[Python-ideas] matrix operations on dict :)

Tue Feb 7 02:00:24 CET 2012

2012/2/6 Simon Sapin <simon.sapin at kozea.fr>:
> Le 06/02/2012 21:01, julien tayon a écrit :
>
>> Proposing vector operations on dict, and acknowledging there was an
>> homeomorphism from rooted n-ary trees to dict, was inducing the
>> possibility of making matrix of dict / trees.
>
>
> Hi,
>
> I studied linear algebra and I think I understand it fairly well. However,
> after reading your email and the linked documentation, I’m just confused. I
> really don’t know what this is about.
>
Because there is some dust under the carpet.

Lets define the notion of dict(dict()) (rooted k-ary trees) as a
vector. Imagine :
tree A
{ a:
    { b : 1,
      c : 2
    },
  e : 3.0
}

This is the same as
vector B
dict(
 tuple([ 'a', 'b' ]) = 1,
 tuple([ 'a', 'c' ]) = 2,
 tuple([ e ]) = 3.0
)
By collapsing the path of intricated dict to a single key (made of the
ordered list of keys to the value)  you always fall back on  a dict of
depth 1.

I can construct A from B and B from A without any loose of properties.
Thus it is equivalent.

(Sparse) Matrix are therefore build this way
dict( tuple( source_tuple, destination_tuple ) = function )
(I could not resolve myself to code stupid matrices and  that have
only magnitude instead of function, therefore my matrices are not the
one of linear algebrae)

so any dict of dict is the same as a  one depth  dict.
A path to a value  defines a dimension, each paths are considered orthogonal.

So further reasoning will be made on vectors / 1 depth level dict.

There are two problems :
1) we can generate an infinite number of key so these are implicitly
incomplete vectors on an infinite base
it is as if when you define :
dict( x = 1) you also mean dict( x = 1, y = null element for
multiplication and neutral for addition , dn = null element for
multiplication and neutral for addtion   .... )
and I hear the tao of python saying explicit is better than implicit.
But a dict is explicitly an incomplete vector on an infinite base.

2) The problem is in the algebrae of the values/leaves because the
implementation is made by delegating addition all the way up to the
value.

Normaly, we think of values of a vector as scalars/magnitude
(float/int for instance), and addition should have  no more
consistency as the consistency of all the additions in a dict for all
the values. Unless you need something else.

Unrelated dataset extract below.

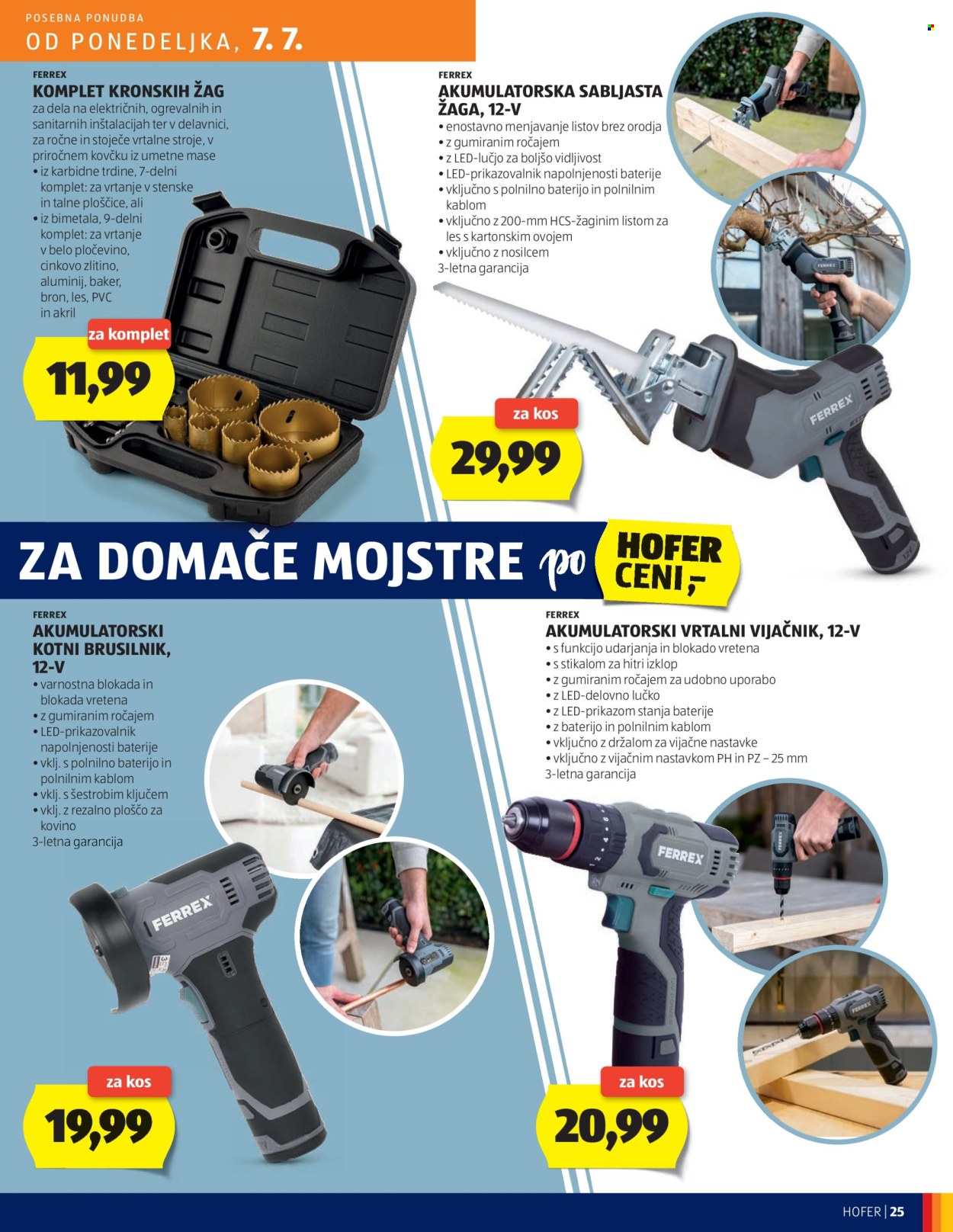 Hofer katalog - 3.7.2025 - 12.7.2025. Stran 25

I intended to be a little more consistent and to enforce the fact that
no values should have additions properties different than the
properties of a ring.

However, I found no easy way to do this. I would need all the classes
to tell wich algebrae they support by the mean of a property  that
would tell if
Class A  + Class B is commutative/associative/distributive. Still I
can do interesting thing, so I don't really want to castrate the
beast. (Plus, it would mean writing a PEP proposal, which is beyond my
abilities)

> I *think* that you are defining something like a mathematical group[1] or
> ring[2], but:

As far as I am concerned I am pretty confident in having all the
properties of the ring with + & * on dict. And I think I do.
Tell me if I need other tests here :
https://github.com/jul/ADictAdd_iction/blob/master/vector_dict/ConsistentAlgebrae.py#L169
or if I misunderstood any properties. I may have a good intuition, I
may recognize things when I see them, but I am clumsy with words.

>
> * Over what elements? (Any dict? dicts with some property?)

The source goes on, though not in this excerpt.